We get so caught up in these numbers, likely because they are easy for us to understand. There’s something wrong with this. The whole college experience cannot be measured by a series of data points, and everyone is different—including the researchers that take the data as you will notice that the rankings differ among the different companies that join in on the ranking hype and contribute their findings and data points.
Student A may desire to attend a college with a well known basketball team because he plans to join the team. He also wants to attend a school in a small college-town located no more than an hour drive from his parents house; he also wants his school to have an excellent exercise science program.
Student B may desire to attend a single-sex college near the beach that has a superb choral program as she aspires to be a choral conductor.
Student C is only attending college because her parents will be disappointed if she doesn’t, so she is going to attend and make the most of her situation by embracing the social scene.
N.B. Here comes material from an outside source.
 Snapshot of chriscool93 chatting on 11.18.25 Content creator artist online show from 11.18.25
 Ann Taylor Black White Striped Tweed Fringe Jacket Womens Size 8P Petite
Her major is undeclared; all she cares about is going to a college that has top-notch greek life. She has her eye on Phi Mu.
All three of these students are looking for completely different characteristics in their college search.
My point is that we should look at the rankings, consider them slightly, then let them go as we realize that the aspects that were important to the researchers who took and calculated the data in order to find the rankings may not be concerned with aspects that you or your student may be concerned with. Just like no two students are the same, no two schools are the same—much less able to be set on a ranking scale.